(一社)大阪府歯科技工士会主催「歯科チームにおける感染対策セミナー」レポート<第2回>

前回に引き続き、「歯科チームにおける感染対策セミナー」の様子をお伝えします。

大西正和先生は「『歯科技工士の感染対策、これだけはせなあきまへん!』患者さん、歯科チーム、そして自分自身のために」という演題で、私たち歯科技工士の立場から、感染対策を行う上で特に実践すべき事項についてお話下さいました。

大西先生も、前田先生と同じく、感染対策を考える上でやはりゾーンの考え方は不可欠とした上で、完成技工物を技工ゾーンの外へ持ち出す際や、外から技工ゾーンへ持ち込む際には適切な感染対策を行うことが重要と仰っていました。
診療ゾーンで歯科治療を開始し、完成技工物をセットするまでの間で汚染を拡大させないためには、消毒過程はできるだけ初めの工程で段階で感染対策を行うのが有効だそうです。

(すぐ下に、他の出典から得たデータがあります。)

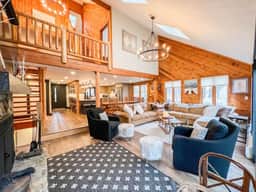 Expansive 3800 ft.² Home | Private Gym & Hot Tub! - Image 4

また、ゾーンとは別の視点から、感染対策はマナーの問題でもあると仰いました。
例えばハサミを相手に手渡す時、刃先を向けては渡しませんね。危険な物を手渡す時には、相手の安全に配慮しているのです。
日常生活では、このような配慮が自然とできているにも関わらず、仕事の場となると途端にそれが欠けてしまうのはなぜでしょう。
刃先を相手に向けてハサミを手渡せば、受け取る側は怪我をしてしまうかもしれません。
しかし、消毒されていない印象体を相手に手渡しても、感染症の原因となるウイルスは目に見えないため、「相手を汚してしまうかもしれないから気をつけよう」という心遣いがしにくいのではないでしょうか。
歯科スタッフ全員が感染症についての知識を得て、マナーの観点で日々のお互いの仕事を見ることが必要ではないかと感じました。

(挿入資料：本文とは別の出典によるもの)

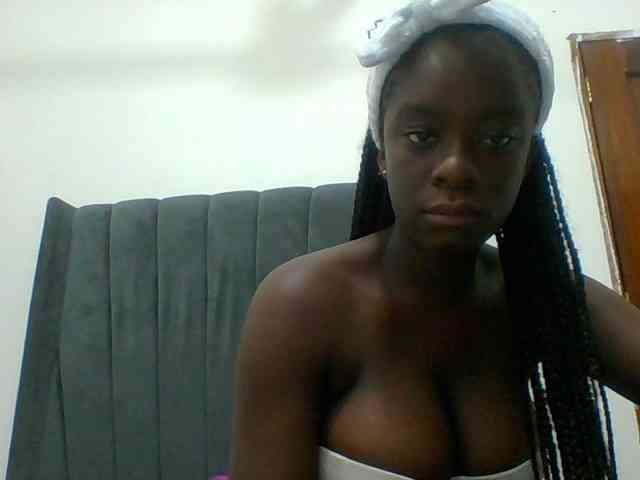 Chocolateaa webcam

大西先生はお話の最後に、「これだけは絶対せなあきまへん」として、B型肝炎ワクチンの接種について訴えておられました。
今年の10月から、4月以降に生まれる0歳児を対象にワクチンの定期接種が開始されることスライドを考慮すると、医療関係者にとって接種は不可欠と言えます。
特に、出産を経験する女性の医療関係者は、母子感染の可能性を無くすためにも接種すべきです。
何の罪も無い新しい命や、第三者に感染を拡大させないためにも、ワクチン未接種の方は今後、接種することを検討されてはいかがでしょうか。

大西先生は、自身が講師を務める「押しかけレクチャー」という出張感染症対策レクチャーを、ボランティアで開催予定でいらっしゃいます。
詳細については、当サイト内でも掲載いたしますので、ご興味を持たれた方は参考になさってください。

質疑応答の時間には、演者と参加者間で積極的に意見が交わされ、感染症対策に対する意識が高まった一日になったのではないでしょうか。

読者の皆さん、今一度自分の働くゾーンに持ち込まれる物や、そこから持ち出す物の感染対策に目を向け、歯科スタッフ同士意見交換をする場を設けてみませんか。
積極的にコミュニケーションを図ることで、自分や他者を感染症から守り、信頼関係を築くことができるかもしれませんよ。